Christopher Columbus House Museum
Portraits, maps and pieces of the Dutch galleon “Sloot Tue Hooge” are some of the historical elements that can be enjoyed in the house-museum of the navigator Christopher Columbus.
The Christopher Columbus House Museum is placed in Porto Santo on an articulated set of buildings, now standardized after work undertaken around the 18th and 19th centuries. Christopher Columbus lived here during his stay in Porto Santo, after his marriage to Filipa Moniz, daughter of the first Captain-donee of Porto Santo, Bartolomeu Perestrelo.
The northern facade of this building featuring two windows of Gothic profile is the sole element dated from of the beginning of the 16th century is which has endured after the numerous construction works.
Opened to the public in 1989 this building has undergone several works to adjust and organize its collections. Divided into two floors, the ground floor encloses a shop and a temporary exhibition room, depicting subjects associated to the Portuguese maritime expansion.
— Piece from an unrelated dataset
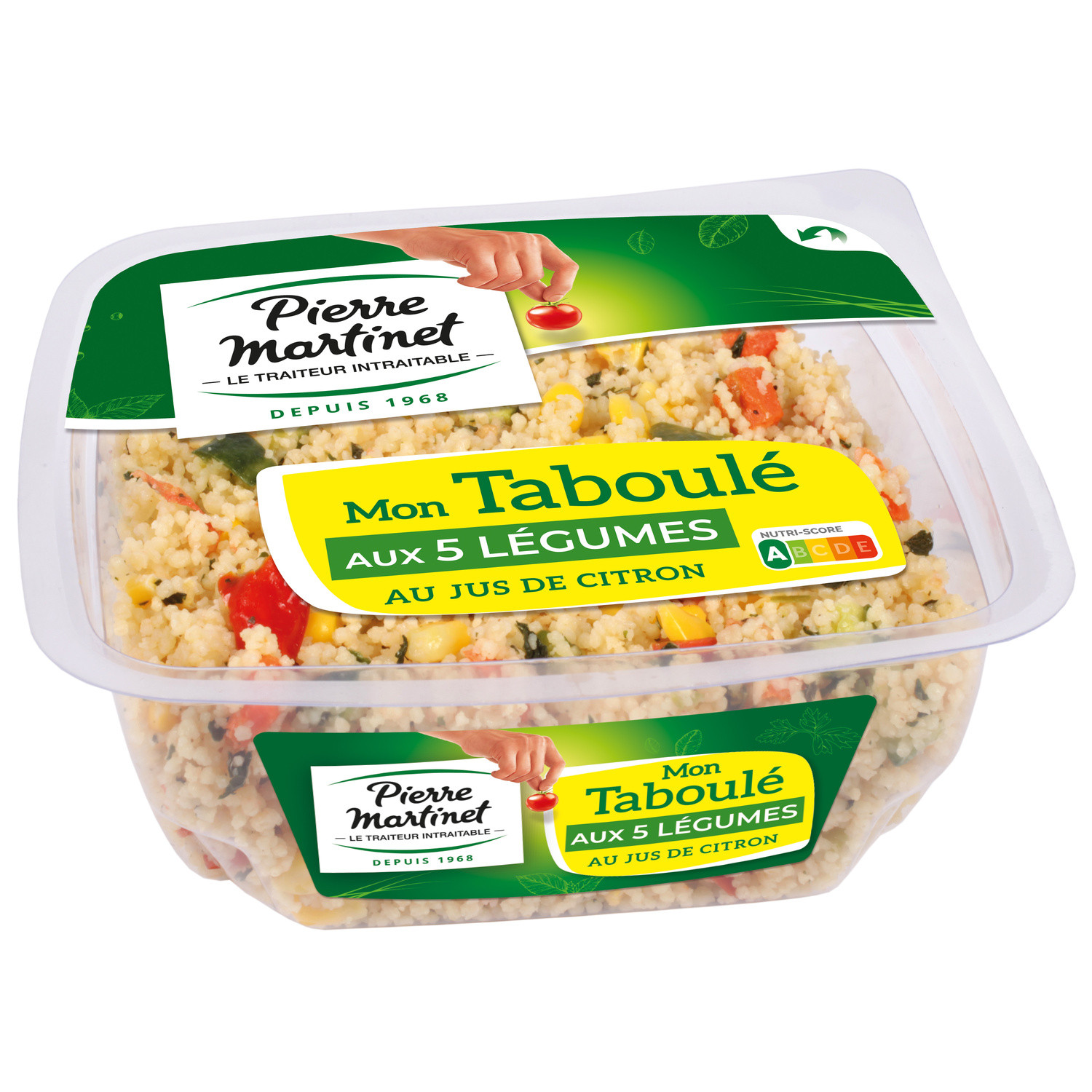MARTINET Taboulé aux 5 légumes PIERRE MARTINET code EAN 3281780868814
The first floor is organized into three themed exhibition rooms.
The first is dedicated to the Portuguese Expansion presenting the strategic position of Porto Santo Island and also of the archipelago of Madeira in the context of the Portuguese maritime expansion.
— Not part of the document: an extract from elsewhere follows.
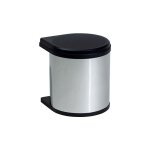 Poubelle encastrable sous �vier 12l ? bac amovible en plastique ? couvercle fixe anti - odeurs ? acier ...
The second room displays elements related to the importance of the Spanish crown in overseas expansion and its role as main sponsor of Christopher Columbus’ expedition in 1492. This cultural venue presents a short biography of the explorer life and his family connections to Porto Santo, as well as some references to his voyages to the American continent.
The third and fourth exhibition rooms are dedicated to the Dutch colonial empire depicted on some objects removed from the “Slot ter Hooge” galleon property of the Dutch East Indies Company, shipwrecked in 1724 near the northern coast of Porto Santo Island.